Multiparametric resonance and prostate fusion biopsy

The best imaging technique to locate malignant lesions and the best technique to ensure that the prostate biopsy is only performed on suspicious lesions and not unnecessarily.
This treatment marks an end to frequent biopsies which were often conducted at random.


Thanks to multiparametric nuclear resonance of the prostate, patients with prostate cancer can be studied with much greater precision, and it is even possible to predict whether the tumour is within or has already exceeded its limits.

Multiparametric nuclear resonance can select those cases in which biopsy can be avoided; and if this is necessary, only the suspicious area can be biopsied, avoiding so many punctures.

It is an incredible tool that is revolutionising diagnosis and changing therapeutic attitudes and monitoring of prostate cancer. What this means for the patient: less inconvenience.

When should this technique be used?

In most health centres, it tends to be recommended for patients who require a second or third biopsy. Using this technique, the medical team can carry out the most expert diagnostic examination meaning that cutting is only necessary if an area causes particular concern.

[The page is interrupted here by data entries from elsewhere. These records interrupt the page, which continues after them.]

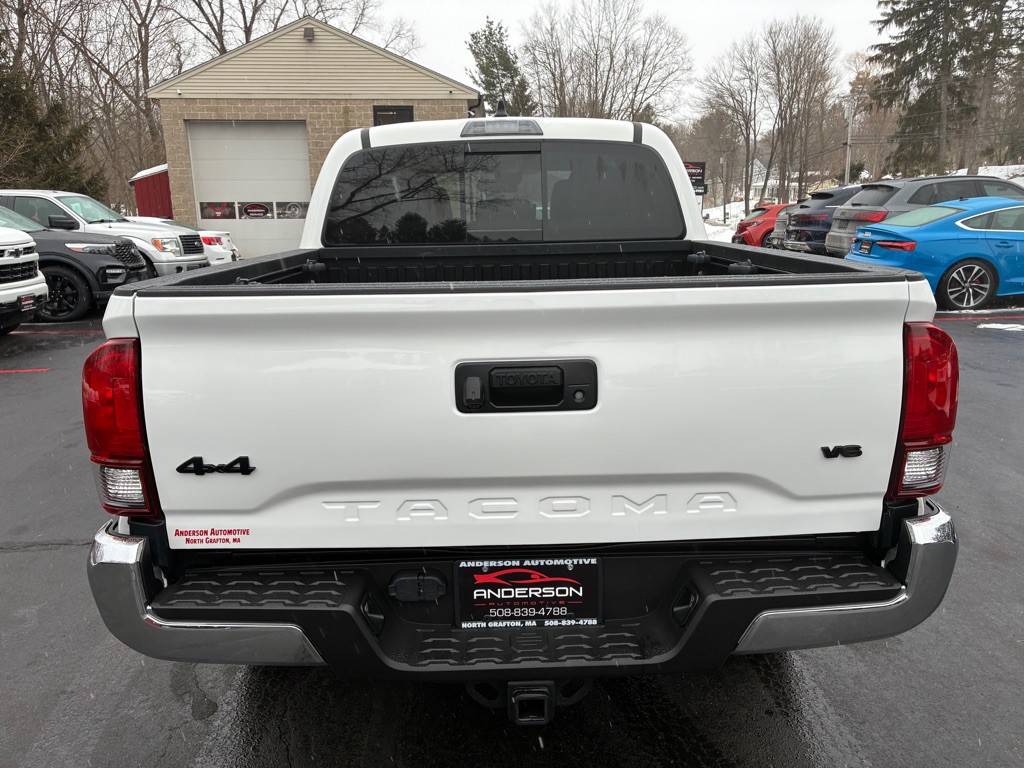 2022 Toyota Tacoma Image 7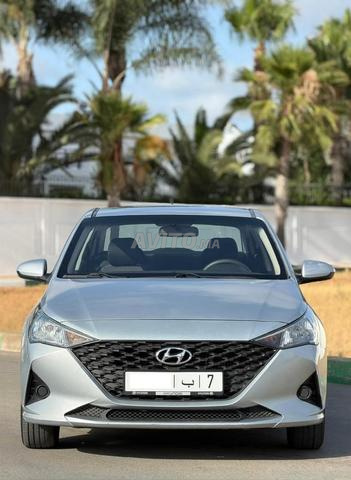 Hyundai Accent 2021 Automatique - 2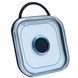 Защитное стекло Metal Classic на камеру для iPhone 17 Air Rainbow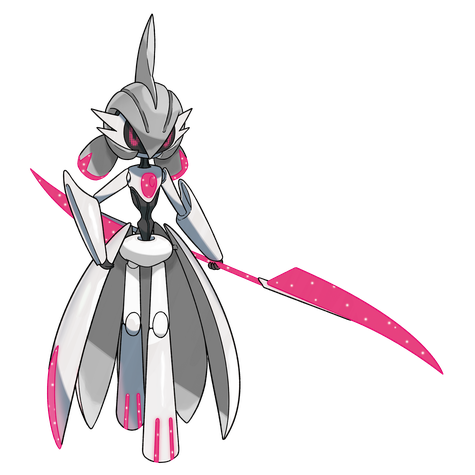 Iron Valiant shiny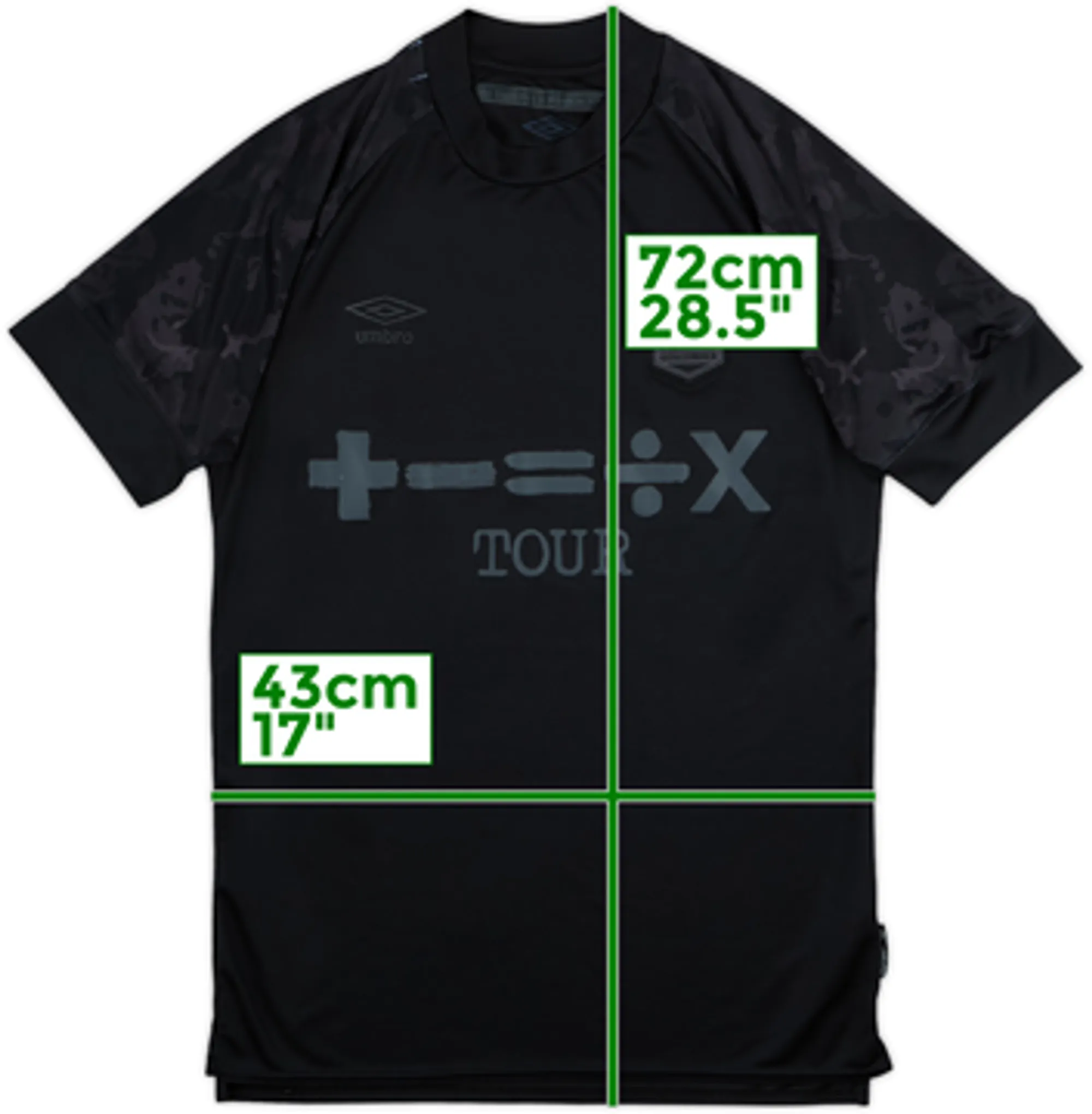 2022-23 Ipswich Third Shirt - 8/10 - (S)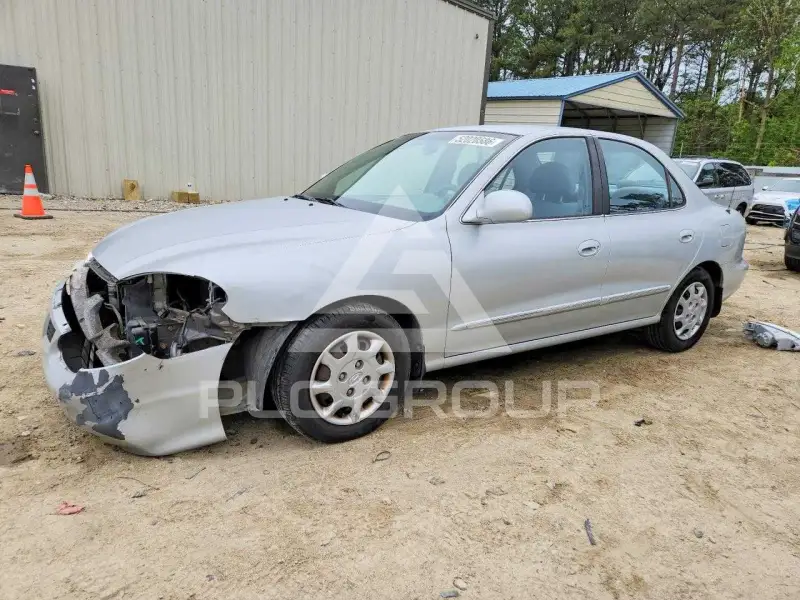 2000 Hyundai Elantra фото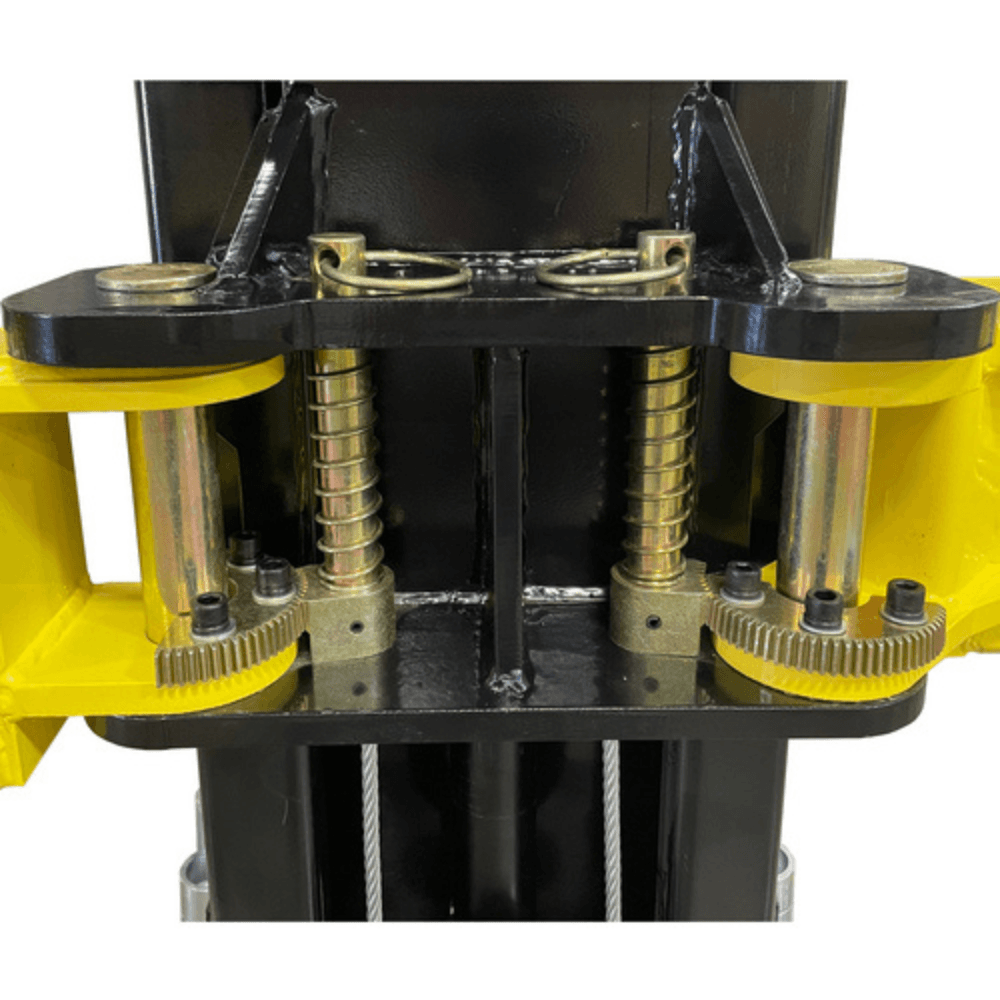 Weaver W-10KHD Overhead 2-Post Car Lift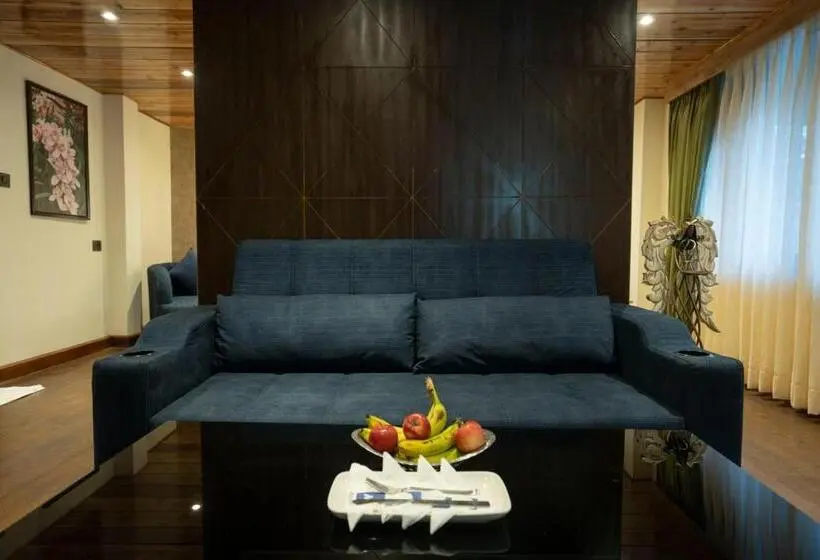 バルコニー付スイート, Mount Magnolia Boutique Hotel & Spa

However, recent studies have also raised the following question: why leave the resonance for so late on in the patient journey? If we use it from the first possible moment, we can avoid a quarter of unnecessary biopsies, increase the detection of clinically significant cancers and reduce the diagnosis of clinically irrelevant cancers (cancers that, although present in the body, are not life-threatening). Currently, clinical practice guidelines recommend conducting a resonance before considering a biopsy.